Friday, August 8, 2008

Derren Brown Flashback: Russian Roulette, Part 2

After months of publicity, Derren Brown's Russian Roulette special aired on October 5, 2003, at 9 PM. It was broadcast in the Netherlands and Australia, as well as Great Britain.

In Great Britain, the special was preceded by a documentary that dealt with the topic of suicide. Between the two programs, Channel 4 ran an advertisement encouraging people with thoughts of suicide to call a help-line number provided. The network was understandably accused of insensitivity when it proceeded to broadcast a game of Russian roulette.

The Show

The broadcast described the process of selecting Derren Brown's assistant. From an initial pool of 12,000 applicants, five people were selected. Over the course of the broadcast, Derren performed tricks using these five, and ultimately selected a single volunteer to assist in his stunt.
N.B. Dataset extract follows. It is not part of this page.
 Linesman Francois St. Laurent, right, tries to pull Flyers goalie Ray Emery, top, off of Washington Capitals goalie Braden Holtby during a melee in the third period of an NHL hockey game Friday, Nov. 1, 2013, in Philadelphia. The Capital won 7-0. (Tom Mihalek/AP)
Like the other finalists, the winning volunteer, a reserved man named James, had been investigated and analyzed by psychologists prior to his selection.

Derren lifted the gun to his head and pulled the trigger once, and then a second time. He fired the third shot away from himself, only to reveal that the bullet was not in that chamber, either. He again raised the gun to his head and pulled the trigger.

Nothing happened. Then he aimed at a sandbag and pulled the trigger a fifth time, this time correctly identifying the location of the bullet. Sand flowed out of a hole in the sandbag.

Did he intentionally make an incorrect guess on the third shot, or was it truly a mistake? The error heightened the drama of an already tense situation by making it appear that Derren did not know which chamber the bullet was in.

A spokeswoman for Channel 4 reportedly commented, "If it was a mistake, so what? At least he made the mistake with the sandbag and not with his own head."

After the show, a representative of Derren Brown delivered the following message from Derren: "I'm relieved it's all over. I'm off to have a few whiskies." Brown's parents were reportedly relieved, as well.

Public Reaction

For Derren, the good news kept coming as it was reported that approximately 3 million UK residents had tuned in for the event (12% of the viewing audience), with 3.3 million watching the critical last few minutes of the show.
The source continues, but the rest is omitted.